Based on these observations, The Sailing Foundation experimented with a combination strobe/incandescent light and found that such a device could be seen with the naked eye from about 1-1/2 miles away, with the strobe visible for a longer distance.

And what about LEDs, the kings of battery economy? They continue to get brighter but still suffer from a problem that limits their use as rescue lights: Their beam is focused too narrowly, so it is hard to point at approaching rescuers with accuracy. “With a beam width of a few degrees, light from an LED source is not widely enough distributed for rescue purposes,” says Wahler. “SOLAS requirements, a minimum standard for rescue lights, demand that the source emits 0.75 candela of light into the upper hemisphere, which describes the 180 degrees of space above the water. It also means that the shaded spots on the light can’t be less than 0.75 candela.”

Field visibility tests of different rescue lights are difficult to conduct and time consuming, since each device has to be tested against a dark and a bright shoreline at different distances to the observers. “The most important result of our light test was the evidence that a more standardized test is needed,” says Chuck Hawley, West Marine vice president of technical information, who set out to conduct such a trial during the Crew Overboard Recovery Symposium in Sausalito, Calif., in August. The challenge was the sheer number of lights (20) that had to be tested against different backgrounds at distances of 0.5, 1, 1.5, and 2 miles.

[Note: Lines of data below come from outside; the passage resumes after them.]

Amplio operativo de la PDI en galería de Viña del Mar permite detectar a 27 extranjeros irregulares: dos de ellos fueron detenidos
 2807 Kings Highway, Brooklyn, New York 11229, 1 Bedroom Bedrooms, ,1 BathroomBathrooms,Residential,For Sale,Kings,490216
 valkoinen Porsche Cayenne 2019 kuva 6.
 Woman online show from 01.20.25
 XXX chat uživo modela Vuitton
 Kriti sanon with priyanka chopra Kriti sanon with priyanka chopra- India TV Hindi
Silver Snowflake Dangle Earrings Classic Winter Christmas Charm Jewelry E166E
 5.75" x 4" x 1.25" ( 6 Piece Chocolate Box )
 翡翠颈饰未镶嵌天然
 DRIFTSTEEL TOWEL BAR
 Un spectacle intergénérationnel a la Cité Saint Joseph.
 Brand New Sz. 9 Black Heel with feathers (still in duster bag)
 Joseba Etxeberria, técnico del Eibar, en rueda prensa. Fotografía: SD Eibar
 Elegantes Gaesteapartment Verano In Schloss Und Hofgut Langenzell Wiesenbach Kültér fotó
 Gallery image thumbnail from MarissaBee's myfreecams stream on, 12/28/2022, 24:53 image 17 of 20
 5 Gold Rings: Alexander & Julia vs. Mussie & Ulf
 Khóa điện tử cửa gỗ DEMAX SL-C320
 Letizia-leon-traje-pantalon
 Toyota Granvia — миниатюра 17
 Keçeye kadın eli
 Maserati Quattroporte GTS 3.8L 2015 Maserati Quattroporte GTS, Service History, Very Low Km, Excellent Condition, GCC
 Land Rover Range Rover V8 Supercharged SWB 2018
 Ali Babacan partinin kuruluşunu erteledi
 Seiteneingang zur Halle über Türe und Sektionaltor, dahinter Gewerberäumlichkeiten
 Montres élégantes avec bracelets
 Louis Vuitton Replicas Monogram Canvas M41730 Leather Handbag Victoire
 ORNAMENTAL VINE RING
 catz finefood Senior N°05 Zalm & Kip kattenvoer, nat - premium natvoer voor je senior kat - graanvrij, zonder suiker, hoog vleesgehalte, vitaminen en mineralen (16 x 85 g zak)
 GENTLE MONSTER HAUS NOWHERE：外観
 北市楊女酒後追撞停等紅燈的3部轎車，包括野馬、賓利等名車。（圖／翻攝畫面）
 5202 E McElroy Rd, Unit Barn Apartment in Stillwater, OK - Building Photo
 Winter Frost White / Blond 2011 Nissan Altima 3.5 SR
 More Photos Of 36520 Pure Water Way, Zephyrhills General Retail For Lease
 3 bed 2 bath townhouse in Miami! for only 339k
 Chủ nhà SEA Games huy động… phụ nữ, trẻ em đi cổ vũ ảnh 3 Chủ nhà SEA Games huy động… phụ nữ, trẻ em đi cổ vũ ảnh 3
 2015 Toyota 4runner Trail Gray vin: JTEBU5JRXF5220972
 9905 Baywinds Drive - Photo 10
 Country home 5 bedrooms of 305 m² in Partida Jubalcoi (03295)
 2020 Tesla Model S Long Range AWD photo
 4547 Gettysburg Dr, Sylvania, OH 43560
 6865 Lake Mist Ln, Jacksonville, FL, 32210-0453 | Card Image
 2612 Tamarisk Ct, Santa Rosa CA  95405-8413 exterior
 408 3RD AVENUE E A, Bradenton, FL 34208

Still, Hawley received feedback from the observers that certain lights — such as a super-bright tactical flashlight, a laser flare and one LED light with different modes — were visible from two miles away. “The challenge for lights with focused beams is not range but orientation,” he says. Using a laser flare with a 20-mile range to alert an approaching vessel, a victim can use the palm of the hand or two fingers to gauge the direction of the beam, similar to orienting a signaling mirror.

Rescue lasers differ from pointing lasers in that they produce a wedge of light that’s a few degrees wide, which makes it easier to hit an approaching party from several miles away. Once the laser strikes the vessel or aircraft, the rescuers see a bright flash that marks the position of the victim. The caveat with these devices is that they require presence of mind and two steady hands on the victim’s part. They can work from the deck of a boat but are much more difficult to operate with precision when treading water in the dark.

Here are some recommendations to consider:

• Have a light on you — either in your foulies or, better, on your PFD. Some light is better than none.

• Consider battery life. Lithium-ion batteries have a long life and don’t need to be changed as often as alkalines.

• Make up your mind if you need automatic activation upon water contact or if a manual switch will suffice.

• Consider your boating style and venue. A combined strobe/incandescent light might cover your needs as it can get attention and help guide approaching rescuers.

• Compare the technical specs against the SOLAS requirements, which constitute a minimum standard.

• If you can, try them before you buy them. Lab tests and numbers are not the end-all and be-all.